Draft-ietf-lsr-ospf-prefix-extended-flags-06

I have reviewed this document as part of the security directorate's
 ongoing effort to review all IETF documents being processed by the
 IESG. These comments were written primarily for the benefit of the
 security area directors. Document editors and WG chairs should treat
 these comments just like any other last call comments.

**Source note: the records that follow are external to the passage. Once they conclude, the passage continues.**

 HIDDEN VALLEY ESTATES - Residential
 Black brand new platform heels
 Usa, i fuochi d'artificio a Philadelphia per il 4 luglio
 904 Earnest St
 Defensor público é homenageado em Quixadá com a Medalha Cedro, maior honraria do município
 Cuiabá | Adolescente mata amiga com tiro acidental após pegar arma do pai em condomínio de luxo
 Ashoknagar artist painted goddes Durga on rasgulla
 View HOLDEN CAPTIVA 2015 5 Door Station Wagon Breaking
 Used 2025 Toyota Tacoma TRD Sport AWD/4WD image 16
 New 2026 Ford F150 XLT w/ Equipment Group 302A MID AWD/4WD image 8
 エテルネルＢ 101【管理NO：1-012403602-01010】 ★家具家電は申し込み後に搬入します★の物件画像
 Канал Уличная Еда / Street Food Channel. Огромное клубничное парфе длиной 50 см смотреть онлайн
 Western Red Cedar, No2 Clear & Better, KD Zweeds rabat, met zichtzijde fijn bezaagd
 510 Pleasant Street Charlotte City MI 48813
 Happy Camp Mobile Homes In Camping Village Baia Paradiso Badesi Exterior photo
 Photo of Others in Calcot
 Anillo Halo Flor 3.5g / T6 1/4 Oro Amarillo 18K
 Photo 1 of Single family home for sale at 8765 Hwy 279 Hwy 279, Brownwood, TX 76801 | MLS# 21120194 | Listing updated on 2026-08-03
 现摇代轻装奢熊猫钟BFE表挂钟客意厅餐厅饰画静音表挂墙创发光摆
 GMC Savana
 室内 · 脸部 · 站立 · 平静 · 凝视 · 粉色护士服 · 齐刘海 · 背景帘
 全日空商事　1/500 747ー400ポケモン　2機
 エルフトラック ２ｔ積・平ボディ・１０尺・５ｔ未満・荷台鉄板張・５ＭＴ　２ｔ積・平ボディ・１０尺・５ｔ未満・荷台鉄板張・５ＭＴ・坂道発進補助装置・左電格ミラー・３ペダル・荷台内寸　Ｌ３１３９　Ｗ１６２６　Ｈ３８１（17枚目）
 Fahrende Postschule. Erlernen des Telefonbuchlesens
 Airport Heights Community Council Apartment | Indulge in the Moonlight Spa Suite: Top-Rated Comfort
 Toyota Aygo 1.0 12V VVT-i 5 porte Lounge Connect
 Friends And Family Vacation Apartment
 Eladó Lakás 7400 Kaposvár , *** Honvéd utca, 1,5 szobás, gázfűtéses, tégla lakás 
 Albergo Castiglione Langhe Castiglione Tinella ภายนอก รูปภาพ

The summary of the review is Ready; I see no security implications to this
draft although I have one substantial non-security comment related to handling
unassigned bits.

Introduction
“  Unassigned bits MUST be set to zero on transmission and MUST be
   ignored on receipt.
“
What happens if the sender and receiver have different views of which bits are
“unassigned”? Maybe because the sender and receiver’s software were written 5
years apart and the IANA registry changed in the mean time? I guess the two
options are: 1: the receiver MUST ignore unassigned bits by treating unassigned
bits as if they are 0. … this would generally allow for cases where the sender
is at a higher protocol level than the receiver without blowing up here …
although things could still blow up later if the ignored 1 bit ends up causing
the sender and receiver to behave differently in an important way. 2. the
receiver MUST ignore unassigned zero bits and fail with an error on unassigned
1 bits. This is probably “safer” but basically means that you can’t really add
anything new to the registry.

If you go with #1, then you could combat “rusting shut” by borrowing the GREASE
idea from TLS [RFC 8701] and saying: “Following the GREASE paradigm [RFC8701],
senders SHOULD occasionally set randomly-chosen unassigned bits to 1 in order
to force receivers to be tolerant of additional flags being added to the
registry after the receiver’s code was written”. One way or another, I found
this sentence to be under-specified, so it should be made more explicitly clear.